Tensions and frustrations rose over the decades after Emancipation, and on Contract Day in 1878 four women on St. Croix, traditionally called queens, organized a revolt to demand all plantations pay the same or better than the St. Croix Central Factory, and to repeal the Labor Act of 1849 that kept workers in serf-like conditions. These Virgin Islands heroines were Queen Mary Thomas, Queen Mathilde Macbean, Susanna “Bottom Belly” Abrahamson and Axeline “Queen Agnes” Salomon.

“I Am Queen Mary” outside the West Indian Warehouse in Copenhagen, Denmark.
“I Am Queen Mary,” a statue by artists La Vaughn Belle and Jeanette Ehlers, outside the West Indian Warehouse in Copenhagen, Denmark. (Submitted photo)

For five days, much of the west end of the island burned. More than 120 Black workers and 20 or more planters were killed before soldiers came in and crushed the revolt. Hundreds were arrested and ultimately the queens who were regarded as the ringleaders were sent off to prison in Denmark. But the die was cast, the labor acts repealed, and wages and conditions improved a little, setting the stage for later V.I. labor heroes like D. Hamilton Jackson a few decades later.

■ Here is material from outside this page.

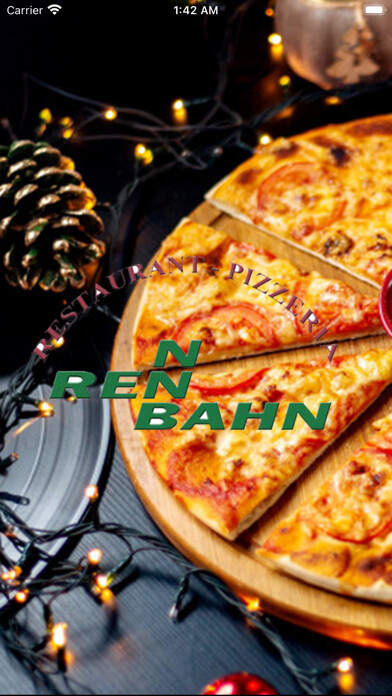 Emulate iPhone app Pizzeria Rennbahn Muttenz using MyAndroid Emulate iPhone app Pizzeria Rennbahn Muttenz using MyAndroid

The USA purchased the three islands from Denmark in 1917 for $25 million. The Black residents were referred to only as “inhabitants” in the transfer documents and at first, had no clear legal citizenship to either Denmark or the USA. Ten years later, in 1927, Congress conveyed citizenship to U.S. Virgin Islanders by federal statute. Today, Virgin Islanders do not vote for the president, have a nonvoting representative in Congress and territorial residents do not enjoy exactly the same rights as those in the 50 states, although, thanks to citizenship, they can choose to relocate to a part of the country that does enjoy those rights.